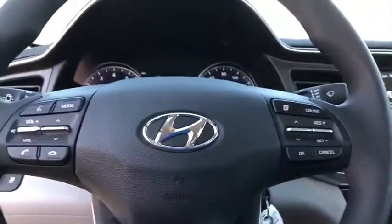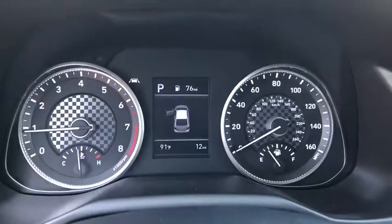Searching for a dependable vehicle that looks great, too? You found it, so stop in today.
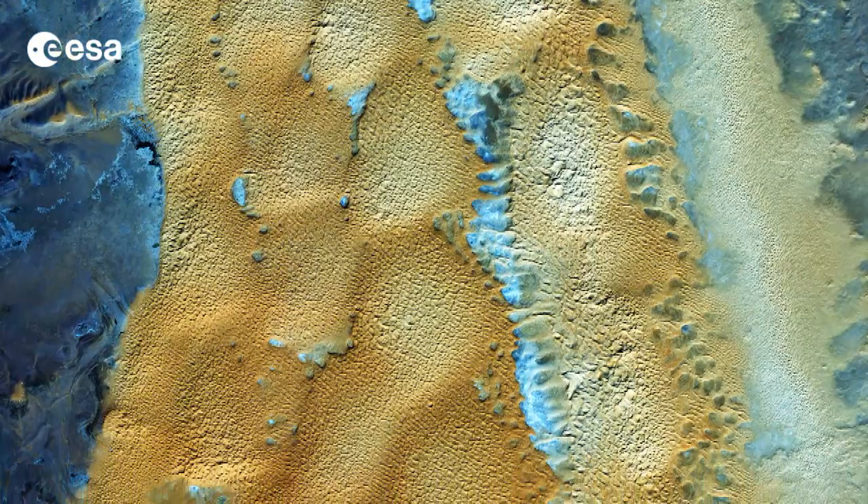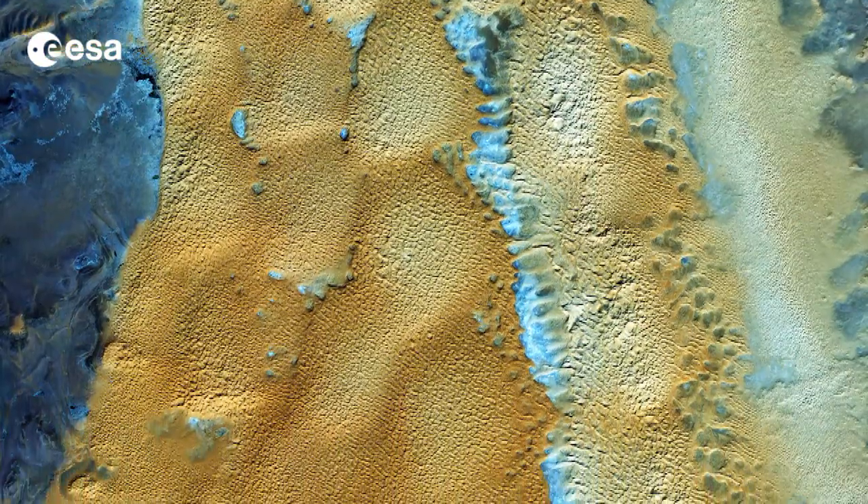Hi, I'm Kelsey Brennan-Wessels and welcome to this edition of Earth from Space on the European Space Agency Web TV. This week's image shows the sandy and rocky terrain of the Sahara Desert in western Algeria.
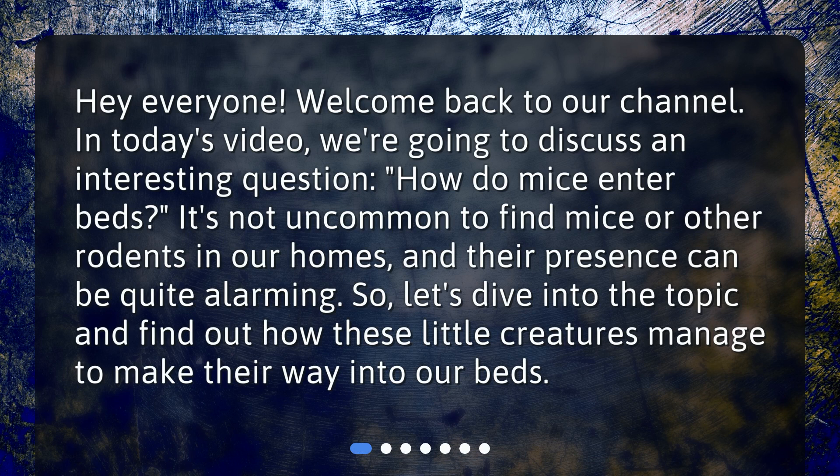Hey everyone! Welcome back to our channel. In today's video, we're going to discuss an interesting question: how do mice enter beds?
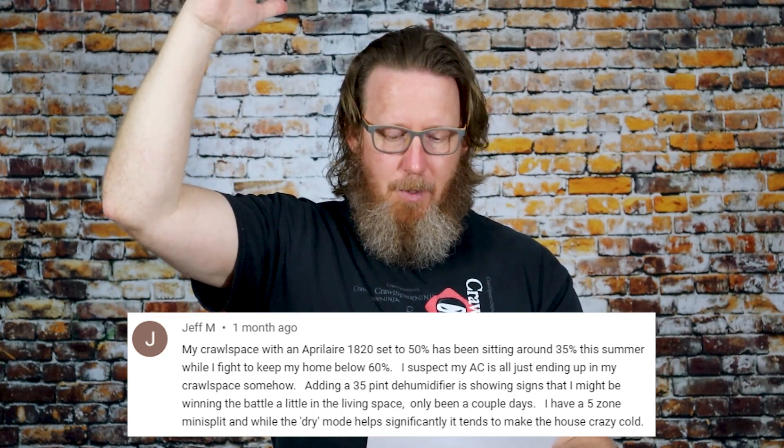So the dehumidifier is set at 50, the crawl space is at 35, but his home is still at 60. He suspects his AC is ending up in the crawl space somehow. Adding a 35-pint dehumidifier is showing signs he might be winning the battle a little in the living space — only been a couple of days. He has a five-zone mini split, and while the dry mode helps significantly, it tends to make the house crazy cold. Those mini splits have a dry mode where instead of focusing on temperature, they focus on humidity — they'll run until they reach a certain humidity level and don't care how cold they make the house.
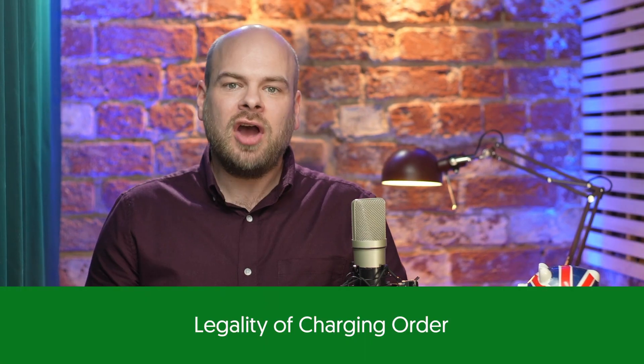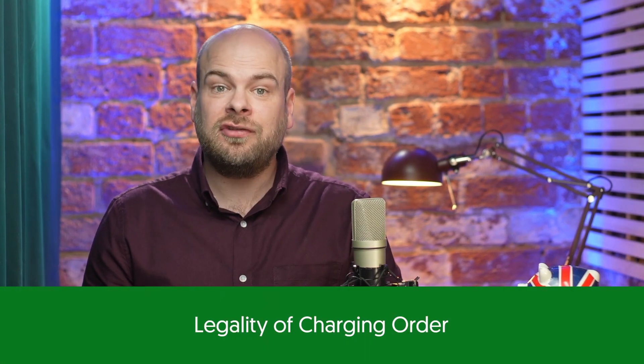Today we'll be discussing charging orders on properties and what happens to them when somebody passes away. A charging order is a legal charge that is registered with the land registry, effectively transforming an unsecured debt into a secured one.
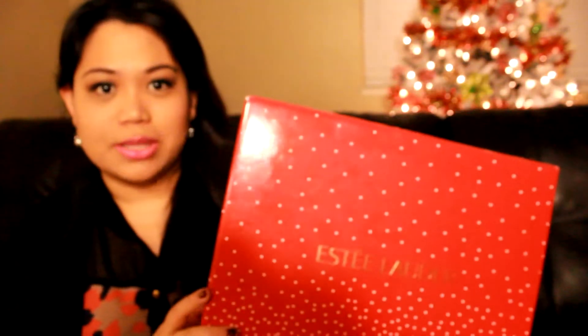But this is how the box looks like. If you ever ordered something from Estee Lauder, they always put thought into how they package their stuff. They just make it look really luxurious and fancy and very classy overall. It comes in a red box like this and it's quite heavy. Let's open this.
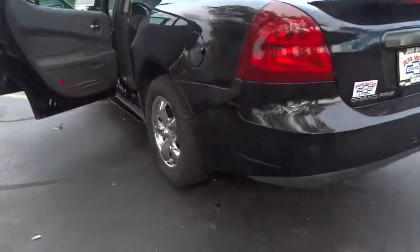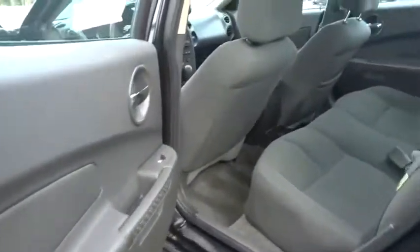This vehicle has less than 65,000 miles. Here are some of this vehicle's great options.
------------------------------------------------
■ Prompt ■
Up to and including the line containing "Hi, I'm Kelsey", repeat every line from the start of the data, but none of the pictures.

■ Output below ■
Searching for a dependable vehicle that looks great, too? You found it, so stop in today.
Hi, I'm Kelsey Brennan-Wessels and welcome to this edition of Earth from Space on the European Space Agency Web TV. This week's image shows the sandy and rocky terrain of the Sahara Desert in western Algeria.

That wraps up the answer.